Sep 30 2008 Published by daniel under main

  • It’s rare that I blog in the evening, much less that I assemble a list of bullet points in the evening, but I haven’t had a moment to slow down today.
  • The economy may be slowing down, but business is heating up at work. We’ve had several really solid sales days. If we could keep that up — by getting the salesmen to actually be on the road selling things! — we’d be rolling in it. Part of our current success is several new contracts with Bombardier and Heroux Devtek. Our tooling is knocking them dead. Though not literally, I hope.
  • Listening to Bloc Party’s Silent Alarm is an exercise in noticing they used to be fun and interesting to listen to but are no longer fun or interesting. Several big producers and big albums later and they’re just well-coordinated noise. Remember “Positive Tension”? Great song.
  • Nathan was playing a Collective Soul song at work today. It reminded me of a more innocent time, when the Mix 99.9 played actual music, and I was dating Laura #1. Not a particularly great time in my life, but still, a more innocent time. I drove a blue Saturn! (Was it blue?) It had those seatbelts that automatically sealed you into your seat but annoyingly required the lap belt to be done up manually. In any case, the point of this point is: Collective Soul sucks. They always have, and they always will. They aren’t innovative. They’re bland. They aren’t interesting. They’re stale. If you like them, that’s fine; just don’t expect me to share your excitement.
  • How I Met Your Mother is in the download queue! Yes!
  • It strikes me that morality is, after all, innate. A priori. Arts and Letters is right on that count.
  • Part of me wants the US government to bail out the banks. Another part of me wants the US government to nuke the banks from space. I’m torn.
  • Cats can really smell up a place real quick. Especially younger cats.
  • I’m reading “Dune” again right now. It’s a lot more interesting than I remember. But it’s still ruined by its surrounding novels, the prequels especially but also the sequels. Neither Herbert’s continuing vision or his son’s diving into its past have added anything to “Dune” but taken much away. It should be the only book in the canon.
  • I got something like 4 hours of sleep last night. I rather hope some of my friends’ sleep problems aren’t catching or anything like that.
  • People using the laptop on the toilet really freaks me out. What if, right now, you were talking to someone and you had no idea they were sitting on the can? That’s uncool!
  • I’m making a main course for a thing our church does. It’s called “Guess Who’s Coming to Dinner” and it’s a basically a way for people to meet other people they might not know. It’s pretty much awesome, but I haven’t the foggiest clue what to make for it. Do you people have any good recipes I should make? Keep in mind I can do multiple dishes!

10 responses so far

The trials of owning cats.

Sep 26 2008 Published by daniel under main

Laura and I have three cats. We can’t have children right now — or are actively preventing it, I should say, using methods uniformly more effective than those I have seen lead to some interesting child-rearing experiences — so we have cats instead.
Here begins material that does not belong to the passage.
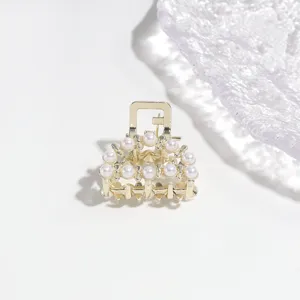 Close-up detail of pearl alloy hair claw clip, compact hair accessory for elegant styling.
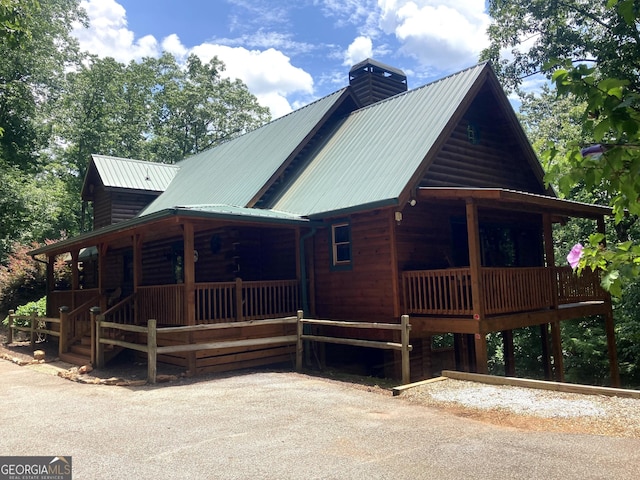 105 Ranch Mountain Ct, Dahlonega, GA 30533 - view of front of home featuring a porch, a metal roof, and a chimney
I love our cats in an abstract way. They’re not people. They’re more like objects. They definitely have minds of their own, and do things that make even children seem logical and tame by comparison.

Nothing, however, prepared me for today. Today was The Great Dashboard Caper.

Laura was taking our second cat, Qubit — named after the quantum bit; and yes, she decodes 128-bit SSL in her spare time, if it’s covered in gravy — to the vet to have her claws yanked out and her uterus disposed of. Laura was carrying her in the usual cardboard carrying case, the same one we’ve had since we had the cats. Little did she know that Qubit had gnawed her way through the cardboard, planning an elaborate escape from the vet, an escape that eventually led to her wedging herself up in the car, behind the glove compartment, so far up that we could barely touch her when we reached in to see if she was still alive.

All attempts to extricate her failed. She seemed absolutely stuck. She didn’t want food, she didn’t want treats, and she most certainly seemed not to want her female bits tossed in the trash.

Ten hours later I was home from work, Qubit still stuck behind the glove compartment. I decided to do the inevitable and remove the glove compartment. Now, General Motors, in their infinite wisdom, decided to make our entire dashboard out of one gigantic piece of molded plastic, held in place with alternating Torx bolts and regular hex screws. I headed to Home Depot to buy some Torx drivers — I’ve never had to take a car apart before, you see — and an adjustable wrench.

Finally, I gave up. There was no way I was going to do it. So I took the car to Canadian Tire and they took out the airbag, revealing… balled-up cat. I performed the cattectomy the only way I knew how: By pulling really, really hard. She finally popped out of the hatch only to immediately dig her claws deep into my forearms. I crammed her into the new plastic case Laura had bought, and left to get myself some scotch.

She’s currently running around the house, a little jazzed from all the excitement, but seemingly in good spirits.

Now… she back to peeing in our plants. Way to go!